Peiter Zatko, former head of security at Twitter raised the issue with the U.S. Securities and Exchange Commission among other security lapse claims at Twitter.
He said the government agent would have had access to sensitive user data due to Twitter’s weak security infrastructure, according to a censored version of the complaint uploaded by the Washington Post newspaper and verified by Zatko’s attorney at Whistleblower Aid
The whistle-blower alleges that the company misled regulators about deficiencies in its ability to protect users against hackers or even spam.
As per a report published by the Washington Post, which obtained the complaint, Mr. Zatko also alleged that the company deceived its users, Board of Directors as well as federal regulators about “extreme, egregious deficiencies” in its ability to protect users against hackers or even spam.
The allegations come at a time when Twitter Inc. is embroiled in a legal battle with Elon Musk, who has accused the firm of lying about the true number of bot and spam accounts on the platform. Mr Musk has backed out of a deal to buy the company for $44 billion.
“Zatko’s complaint says he believed the Indian government had forced Twitter to put one of its agents on the payroll, with access to user data at a time of intense protests in the country,” the Washington Post report said.
“The complaint said supporting information for that claim has gone to the National Security Division of the Justice Department and the Senate Select Committee on Intelligence. Another person familiar with the matter agreed that the employee was probably an agent,” it added.
Twitter has been involved in a long battle with the Indian government over the removal/blocking of content on the platform, which has heightened over the past year. The company recently moved to the Karnataka High Court, wanting review and relief from “overbroad and arbitrary” content blocking orders from the government, alleging “disproportionate use of power”.
India ranks top of the list of nations seeking to block tweets by journalists, and news outlets according to a Twitter report.
Queries sent to the Ministry of Electronics and IT on these allegations did not produce a response till the time of going to press.
In an emailed response, a Twitter spokesperson said that Mr. Zatko was fired from his senior executive role at Twitter in January 2022 for “ineffective leadership and poor performance”.
“What we’ve seen so far is a false narrative about Twitter and our privacy and data security practices that is riddled with inconsistencies and inaccuracies and lacks important context,” the spokesperson said, adding that Mr. Zatko’s allegations and opportunistic timing appear designed to capture attention and inflict harm on Twitter, its customers and shareholders.

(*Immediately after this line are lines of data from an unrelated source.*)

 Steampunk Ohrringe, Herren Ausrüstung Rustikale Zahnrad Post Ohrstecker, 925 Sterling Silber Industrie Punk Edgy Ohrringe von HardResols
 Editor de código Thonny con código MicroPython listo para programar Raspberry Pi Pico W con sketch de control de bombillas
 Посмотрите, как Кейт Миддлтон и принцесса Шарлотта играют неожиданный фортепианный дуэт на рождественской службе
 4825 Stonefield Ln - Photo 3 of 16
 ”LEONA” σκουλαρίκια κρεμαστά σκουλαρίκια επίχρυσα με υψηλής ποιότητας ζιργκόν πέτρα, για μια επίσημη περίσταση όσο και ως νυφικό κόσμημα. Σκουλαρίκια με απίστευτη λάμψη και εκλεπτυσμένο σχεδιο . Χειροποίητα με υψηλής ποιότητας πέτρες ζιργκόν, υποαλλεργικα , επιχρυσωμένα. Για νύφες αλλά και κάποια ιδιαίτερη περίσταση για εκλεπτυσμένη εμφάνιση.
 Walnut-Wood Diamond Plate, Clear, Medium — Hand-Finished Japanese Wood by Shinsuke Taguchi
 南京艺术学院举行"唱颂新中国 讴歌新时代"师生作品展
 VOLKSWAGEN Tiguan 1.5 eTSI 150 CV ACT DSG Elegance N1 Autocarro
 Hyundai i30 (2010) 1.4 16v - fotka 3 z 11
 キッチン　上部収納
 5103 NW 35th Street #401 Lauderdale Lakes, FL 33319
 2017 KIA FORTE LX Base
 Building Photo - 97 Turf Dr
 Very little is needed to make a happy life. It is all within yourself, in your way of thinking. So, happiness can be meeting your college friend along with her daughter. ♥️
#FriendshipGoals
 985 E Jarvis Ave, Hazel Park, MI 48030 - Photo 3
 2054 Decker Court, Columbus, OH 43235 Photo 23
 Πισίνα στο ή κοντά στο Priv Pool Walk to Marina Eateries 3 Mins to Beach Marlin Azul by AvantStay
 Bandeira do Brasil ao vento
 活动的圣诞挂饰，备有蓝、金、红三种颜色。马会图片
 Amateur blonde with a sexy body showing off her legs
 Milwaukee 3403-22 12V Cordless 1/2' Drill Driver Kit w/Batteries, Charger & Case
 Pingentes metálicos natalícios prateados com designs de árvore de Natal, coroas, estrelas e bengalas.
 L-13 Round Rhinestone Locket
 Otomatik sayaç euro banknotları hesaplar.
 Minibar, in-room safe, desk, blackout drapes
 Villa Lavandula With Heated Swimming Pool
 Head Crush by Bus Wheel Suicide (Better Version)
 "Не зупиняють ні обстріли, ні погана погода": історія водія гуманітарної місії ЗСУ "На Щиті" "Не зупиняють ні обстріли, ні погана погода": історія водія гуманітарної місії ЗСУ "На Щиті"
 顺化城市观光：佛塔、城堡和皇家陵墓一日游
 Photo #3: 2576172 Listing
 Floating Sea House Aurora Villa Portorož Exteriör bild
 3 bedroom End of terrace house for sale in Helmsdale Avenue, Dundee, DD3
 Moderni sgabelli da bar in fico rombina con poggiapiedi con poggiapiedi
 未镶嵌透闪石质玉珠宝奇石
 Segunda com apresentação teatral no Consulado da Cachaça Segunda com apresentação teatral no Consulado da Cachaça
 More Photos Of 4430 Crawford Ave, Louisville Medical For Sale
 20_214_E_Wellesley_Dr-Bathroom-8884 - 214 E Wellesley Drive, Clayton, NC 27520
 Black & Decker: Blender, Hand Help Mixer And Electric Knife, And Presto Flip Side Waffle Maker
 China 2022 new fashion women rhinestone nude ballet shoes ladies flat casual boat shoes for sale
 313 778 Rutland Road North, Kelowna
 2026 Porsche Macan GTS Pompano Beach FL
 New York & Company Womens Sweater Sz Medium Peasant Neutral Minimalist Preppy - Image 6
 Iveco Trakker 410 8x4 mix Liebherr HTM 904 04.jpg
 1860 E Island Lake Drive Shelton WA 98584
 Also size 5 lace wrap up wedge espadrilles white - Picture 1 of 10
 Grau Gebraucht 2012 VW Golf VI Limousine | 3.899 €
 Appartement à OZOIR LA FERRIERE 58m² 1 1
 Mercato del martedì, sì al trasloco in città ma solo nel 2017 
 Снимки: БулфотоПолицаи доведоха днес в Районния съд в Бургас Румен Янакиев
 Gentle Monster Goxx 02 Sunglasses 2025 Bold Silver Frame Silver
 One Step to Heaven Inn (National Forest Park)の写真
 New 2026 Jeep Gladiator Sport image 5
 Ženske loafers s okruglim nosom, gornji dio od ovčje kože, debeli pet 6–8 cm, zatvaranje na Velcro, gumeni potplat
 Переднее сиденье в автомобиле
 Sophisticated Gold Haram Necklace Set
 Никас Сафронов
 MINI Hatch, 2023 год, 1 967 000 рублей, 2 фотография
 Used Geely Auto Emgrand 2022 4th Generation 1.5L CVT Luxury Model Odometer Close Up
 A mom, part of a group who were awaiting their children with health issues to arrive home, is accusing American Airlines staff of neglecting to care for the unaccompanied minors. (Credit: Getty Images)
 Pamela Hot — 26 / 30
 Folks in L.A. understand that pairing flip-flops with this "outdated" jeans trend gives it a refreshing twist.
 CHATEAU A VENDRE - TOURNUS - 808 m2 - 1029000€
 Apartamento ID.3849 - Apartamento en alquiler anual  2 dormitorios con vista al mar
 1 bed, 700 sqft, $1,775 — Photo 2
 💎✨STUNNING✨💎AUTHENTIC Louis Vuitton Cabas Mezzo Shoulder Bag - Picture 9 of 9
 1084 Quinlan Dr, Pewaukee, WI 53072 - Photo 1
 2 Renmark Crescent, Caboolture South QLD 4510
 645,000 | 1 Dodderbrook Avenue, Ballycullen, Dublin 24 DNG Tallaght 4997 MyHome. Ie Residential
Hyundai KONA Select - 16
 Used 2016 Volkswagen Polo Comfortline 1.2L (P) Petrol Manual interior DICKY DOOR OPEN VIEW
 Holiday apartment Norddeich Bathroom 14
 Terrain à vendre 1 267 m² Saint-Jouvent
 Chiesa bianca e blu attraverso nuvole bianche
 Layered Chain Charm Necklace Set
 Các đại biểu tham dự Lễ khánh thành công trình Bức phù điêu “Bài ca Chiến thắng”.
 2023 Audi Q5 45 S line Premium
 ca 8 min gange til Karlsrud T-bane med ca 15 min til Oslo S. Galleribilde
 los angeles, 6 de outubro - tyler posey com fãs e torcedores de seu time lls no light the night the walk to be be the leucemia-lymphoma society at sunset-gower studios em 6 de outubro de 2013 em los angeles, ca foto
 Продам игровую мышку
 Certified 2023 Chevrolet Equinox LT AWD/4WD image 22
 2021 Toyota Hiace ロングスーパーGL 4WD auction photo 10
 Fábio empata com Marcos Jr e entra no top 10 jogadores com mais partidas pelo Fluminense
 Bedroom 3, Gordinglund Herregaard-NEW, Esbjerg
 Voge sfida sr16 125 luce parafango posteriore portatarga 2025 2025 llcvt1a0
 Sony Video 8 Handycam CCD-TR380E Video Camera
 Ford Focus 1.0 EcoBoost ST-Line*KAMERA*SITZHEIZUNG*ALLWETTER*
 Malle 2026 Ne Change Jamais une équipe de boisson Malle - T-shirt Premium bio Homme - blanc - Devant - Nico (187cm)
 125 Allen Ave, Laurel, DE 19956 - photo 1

Last year, Twitter went to court against the Indian government expressing concerns over the use of “intimidation tactics” and “potential threat to freedom of expression” in India. The government had hit back terming such statements in an attempt to defame India.
The report further stated that Twitter violated the terms of an 11-year-old settlement with the Federal Trade Commission by falsely claiming that it had a solid security plan.
“Zatko’s complaint alleges he had warned colleagues that half the company’s servers were running out-of-date and vulnerable software and that executives withheld dire facts about the number of breaches and lack of protection for user data, instead presenting directors with rosy charts measuring unimportant changes,” it said.
The complaint also alleged that the company’s chief executive officer Parag Agrawal was “lying” when he tweeted in May that the company was “strongly incentivized to detect and remove as much spam as we possibly can”.